Towards an Alternative Model of Heritage as Sustainable Development: Uyghur Meshrep in Kazakhstan

The project aims to harness ‘meshrep’ as a means to revitalise grass-roots expressive culture and indigenous language, strengthen community organisation, and create networks of micro-finance to support sustainable economic livelihoods.
Project status

This project focuses on meshrep: a system of community gatherings maintained by ethnic Uyghurs in southeast Kazakhstan. Meshrep involve music, dance, joking, readings, and an informal community court. They forge lasting community bonds, support the transmission of language and expressive culture, and provide a forum for discussion, planning, and action.

This project builds research capacity in Kazakhstan by bringing researchers to the UK for training and promotes the transmission of Uyghur cultural heritage through support for a local music school.
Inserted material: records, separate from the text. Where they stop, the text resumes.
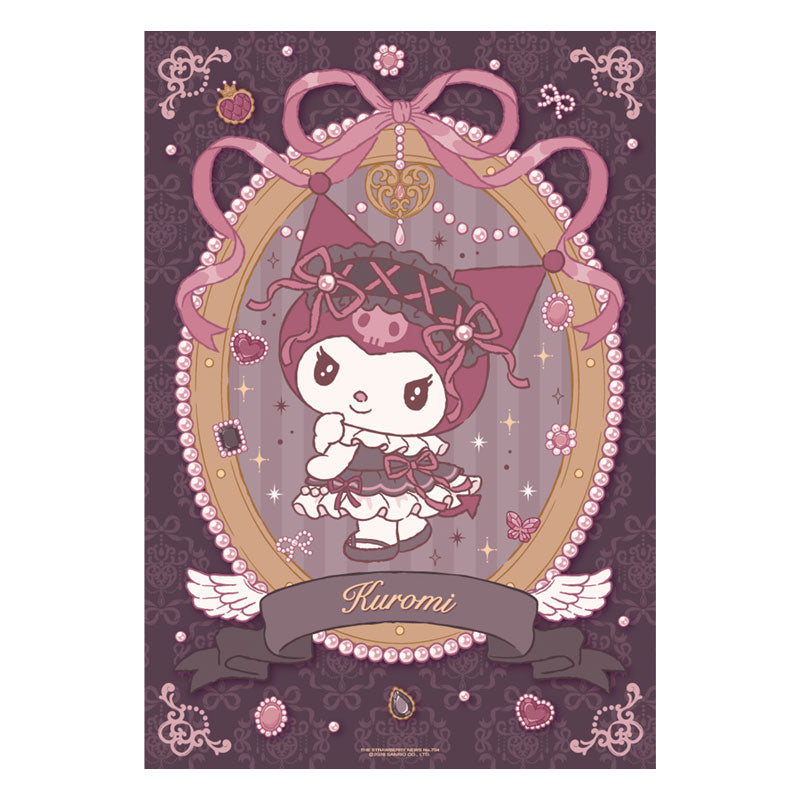 [OCTOBER 2026] #704 Sanrio Strawberry News [w/ Sticker Sheet]
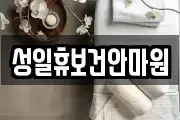 성일휴보건안마원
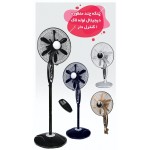 پنکه  چند منظوره  دیجیتال لوله لاک شروین مدل kpG-5200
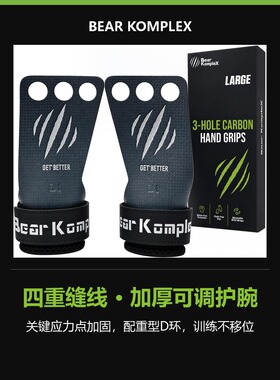 Bear KompleX-3 Hole碳纤维健身手套引体向上防滑护掌CrossFit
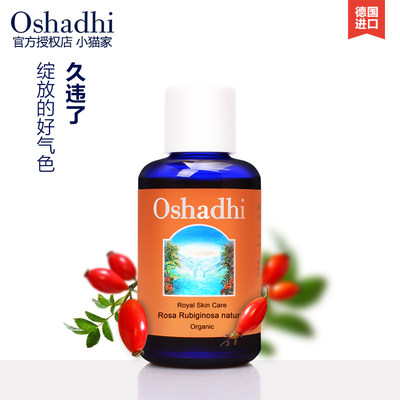 oshadhi有机30ml淡纹玫瑰果油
The project works from the premise that intangible cultural heritage is a vital aspect of community identity and can be harnessed as a tool for sustainable development, supporting community cohesion and mutual responsibility, and enabling collective action.
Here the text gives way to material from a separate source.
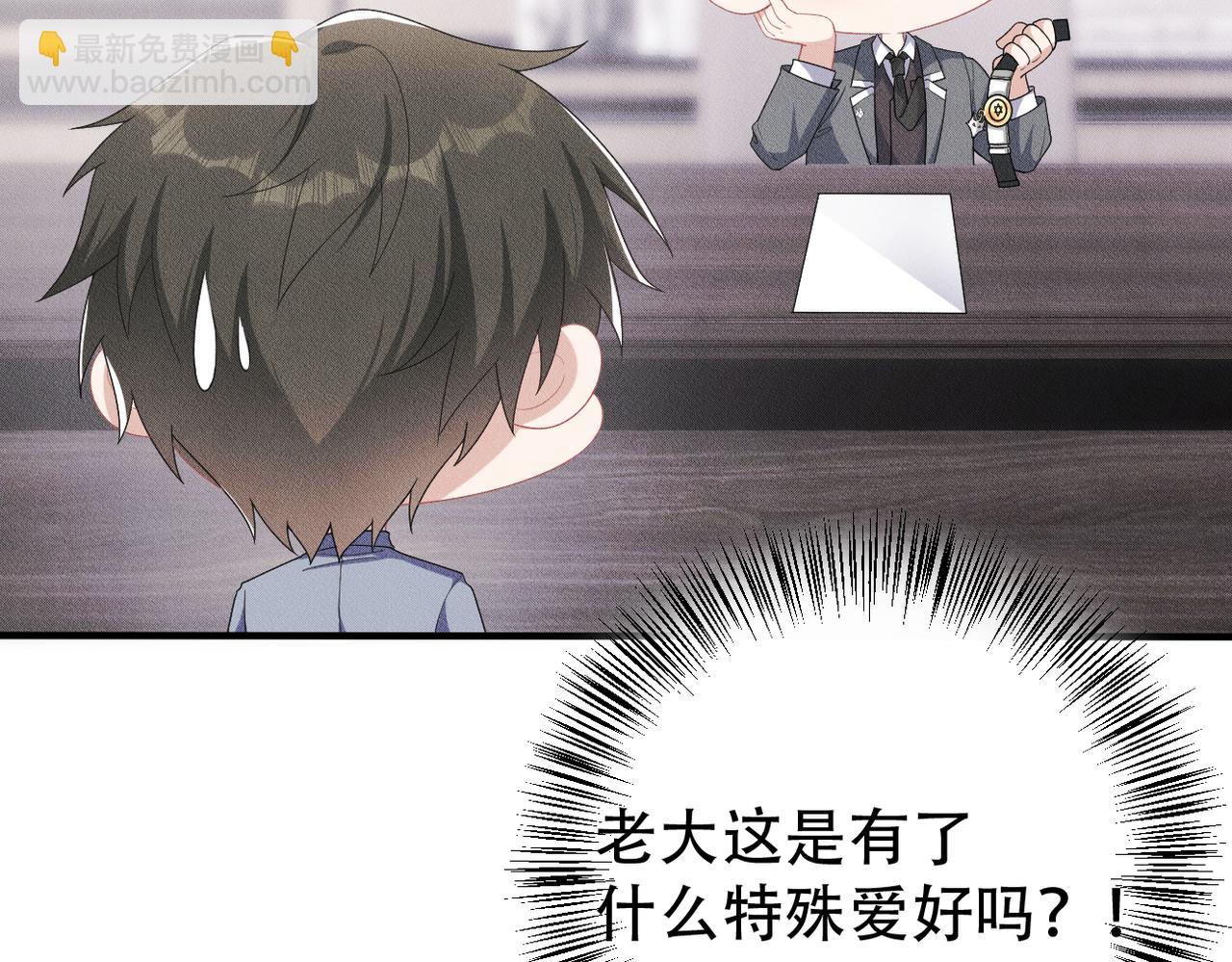 第16话 认真的交易54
Meshrep in China were inscribed in 2010 on UNESCO’s list of Intangible Cultural Heritage in need of urgent safeguarding, providing a case study on the problems of top-down models of intangible cultural heritage as national symbolic capital. This project seeks to develop an alternative, grassroots approach to intangible heritage, working closely with Uyghur communities in Kazakhstan to support and enable local goals, building capacity for entrepreneurship, reducing poverty, and improving community well-being.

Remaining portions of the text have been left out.